Esse foi o maior número de casos e mortes confirmados em 24 horas desde o início da pandemia; taxa de letalidade chega a 2,9%

Matéria/Colaboração: Revide

Segundo o boletim epidemiológico divulgado pela Secretaria Municipal da Saúde de Ribeirão Preto, a cidade registrou 11 mortes e 198 novos casos de Covid-19, causada pelo novo coronavírus, nesta terça-feira, 16.

Com isso, a cidade chega a 79 mortes e 2.715 casos confirmados da doença. As mortes também elevaram a letalidade do vírus no município, que subiu para 2,91%. Ao todo, foram 10.061 casos notificados e 5.337 descartados.

Além disso, o número de pessoas com Síndrome Respiratória Aguda Grave (SRAG) disparou em junho. Foram 377 casos até agora. Sendo que, o mês de maio havia sido o que mais registrou casos da doença, com 360 ao todo. Desde o início do ano, já são 1.157 casos.

As mortes notificadas no boletim desta terça-feira, 16, ocorreram entre o dia 9 e o dia 15 de junho.

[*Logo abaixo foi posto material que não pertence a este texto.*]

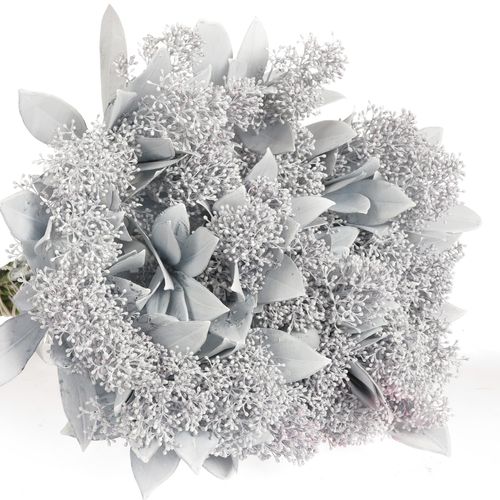 Skimmia weiss gefärbt 40cm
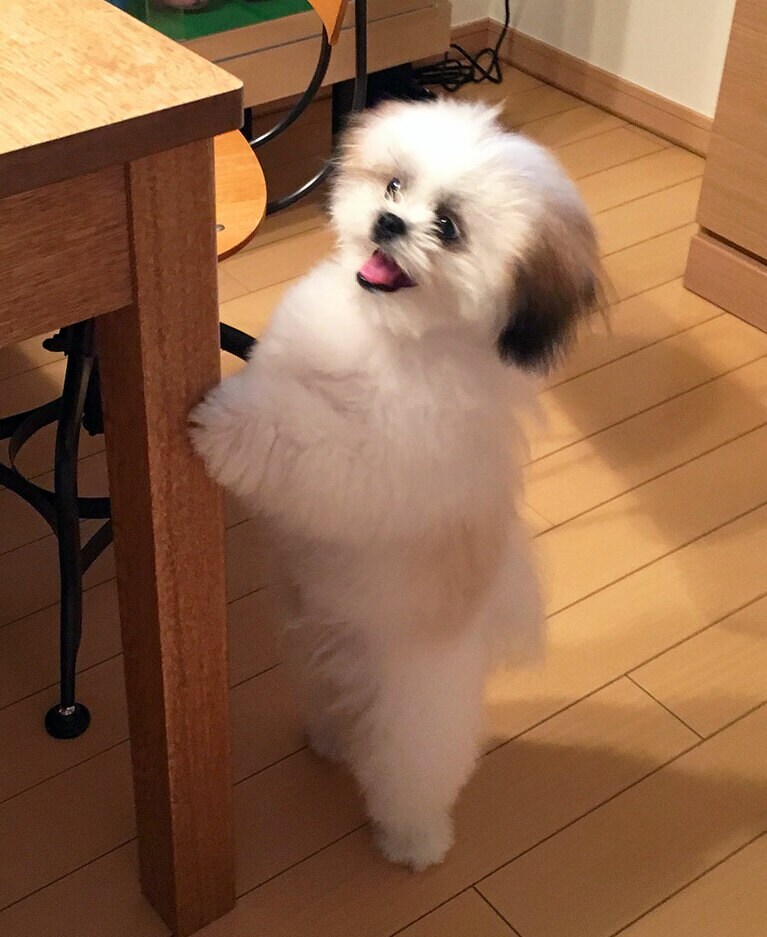 直立犬人あらわる!? 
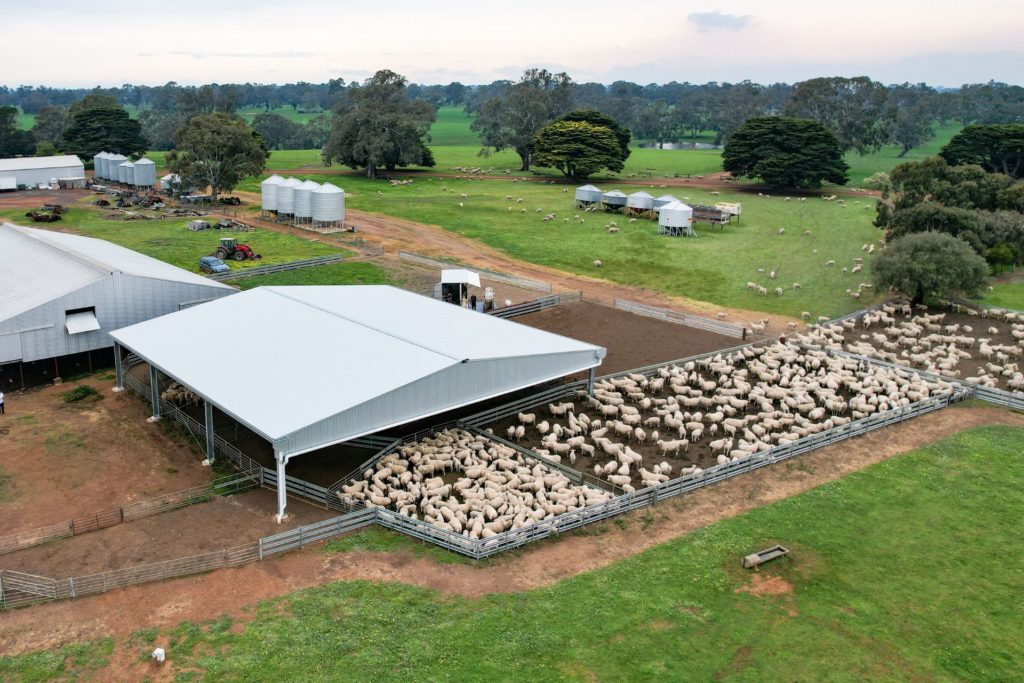 22.6m x 24m x 3.5m sheep yard cover - Action Steel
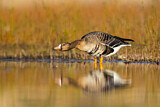 Image. Greater White-fronted Goose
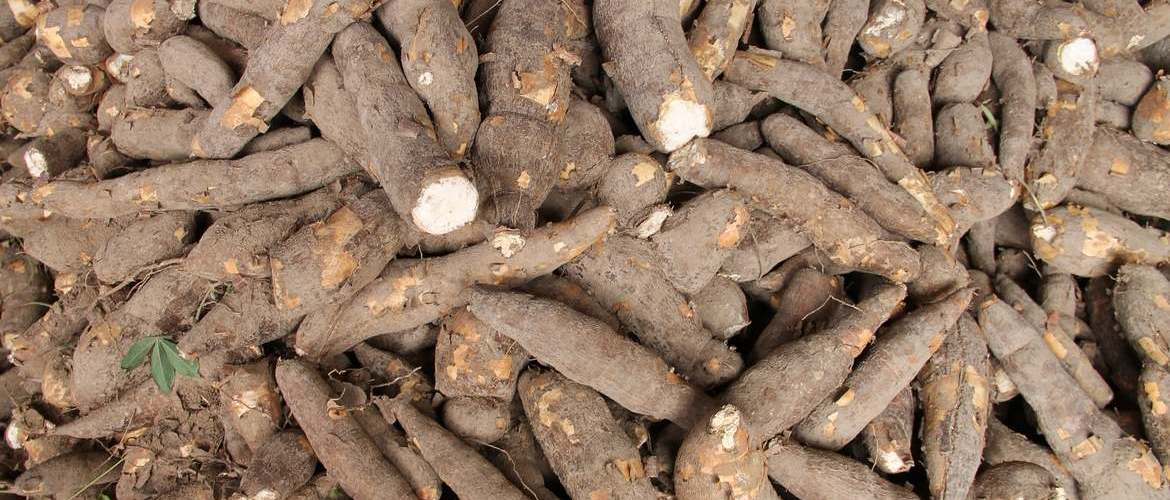 High Quality Tapioca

9 de junho: Uma morte. Uma mulher de 83 anos. Possuía doença cardiovascular crônica e hipertensão.

10 de junho: Uma morte. Um homem, de 74 anos, com doença neurológica crônica.

11 de junho: Uma morte. Homem de 79 anos, com doença cardiovascular crônica

14 de junho: Duas mortes. Um homem de 91 anos, com doença cardiovascular crônica e diabetes. E uma mulher, de 70 anos, com doença neurológica crônica e hipertensão.

15 de junho: Seis mortes. Dois homens e quatro mulheres. Os homens eram, um de 86 anos, com hipertensão e câncer e o outro, de 94 anos, com doença pulmonar crônica. As mulheres eram: uma de 88 anos, com doença cardiovascular e neurológica; uma com 66 anos, com doença cardiovascular, renal e diabetes; uma de 69 anos, com doença cardiovascular e hepática e a última, com 31 anos, com câncer.

Reflexo

Na última quarta-feira, 10, durante coletiva no Palácio do Rio Branco, o secretário de Saúde, Sandro Scarpelini, alertou que esta semana poderia ser a pior em número de casos e mortes. Isso porque, começariam a aparecer nesta semana os reflexos da reabertura do comércio

“Mesmo antes da reabertura, [as pessoas] não estavam fazendo uma quarentena adequada. Andando na rua a gente vê que, infelizmente, foi-se muito mais à rua do que era esperado. Talvez isso se torne um problema para nós, próxima semana pode ser pior do que essa”, declarou Scarpelini.

Sobre o retorno das medidas mais rígidas de isolamento social, Scarpelini declarou que a população deverá se acostumar com esse cenário. “Essas indas e vindas a gente tem que se acostumar. Não adianta achar que foi um erro. Isso tem que ficar bem claro, isso tem ocorrido em outros países também”, acrescentou o secretário.

Leitos

Segundo o Sistema Senso Covid-19, do governo do Estado de São Paulo, a taxa de ocupação de leitos na cidade é de 77,9%. 

Dos 131 leitos exclusivos de Centro de Terapia Intensiva (CTI) para o tratamento da Covid-19, 111 estão ocupados, o que representa uma ocupação de 84,7%. Já nos leitos de enfermaria, são 219 com 156 ocupados. Índice de 71,2%.